On Tue, Jun 03, 2014 at 01:03:54PM +0100, Morten Rasmussen wrote:
On Wed, May 28, 2014 at 05:39:10PM +0100, Vincent Guittot wrote:
On 28 May 2014 17:47, Morten Rasmussen morten.rasmussen@arm.com wrote:
On Wed, May 28, 2014 at 02:15:03PM +0100, Vincent Guittot wrote:
On 28 May 2014 14:10, Morten Rasmussen morten.rasmussen@arm.com wrote:
On Fri, May 23, 2014 at 04:53:02PM +0100, Vincent Guittot wrote:
I agree that the task runnable_avg_sum is always affected by the circumstances on the cpu where it is running, and that it takes this history with it. However, I think cfs.runnable_load_avg leads to less problems than using the rq runnable_avg_sum. It would work nicely for the two tasks on two cpus example I mentioned earlier.
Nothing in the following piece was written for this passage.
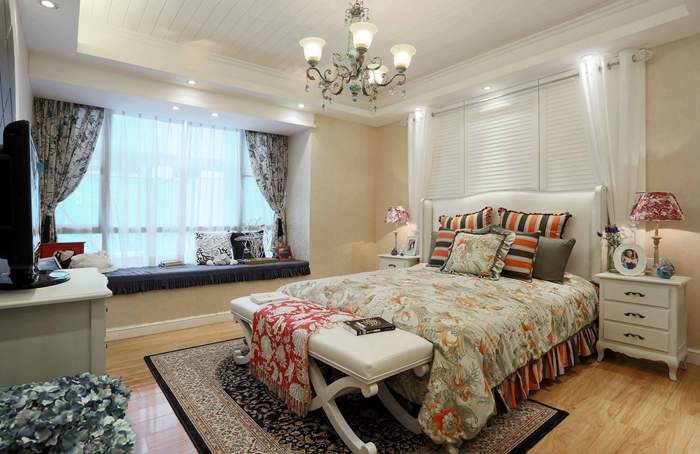 天氣冷的日子里，讓人拿得起放不下的只有筷子，讓人陷進去出不來的只有被窩。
We don't need add
i would say that nr_running is an even better metrics for such situation as the load doesn't give any additional information.
I fail to understand how nr_running can be used. nr_running doesn't tell you anything about the utilization of the cpu, just the number tasks that happen to be runnable at a point in time on a specific cpu. It might be two small tasks that just happened to be running while you read nr_running.
Agreed, I'm not at all seeing how nr_running is useful here.
An unweighted version of cfs.runnable_load_avg gives you a metric that captures cpu utilization to some extend, but not the number of tasks. And it reflects task migrations immediately unlike the rq runnable_avg_sum.
So runnable_avg would be equal to the utilization as long as there's idle time, as soon as we're over-loaded the metric shows how much extra cpu is required.
That is, runnable_avg - running_avg >= 0 and the amount is the exact amount of extra cpu required to make all tasks run but not have idle time.
Agreed, but I think it is quite important to discuss what we understand by cpu utilization. It seems to be different depending on what you want to use it for.
I understand utilization to be however much cpu is actually used, so I would, per the existing naming, call running_avg to be the avg utilization of a task/group/cpu whatever.
We have done experiments internally with rq runnable_avg_sum for load-balancing decisions in the past and found it unsuitable due to its slow response to task migrations. That is why I brought it up here.
So I'm not entirely seeing that from the code (I've not traced this), afaict we actually update the per-cpu values on migration based on the task values.
old_rq->sum -= p->val; new_rq->sum += p->val;
like,.. except of course totally obscured.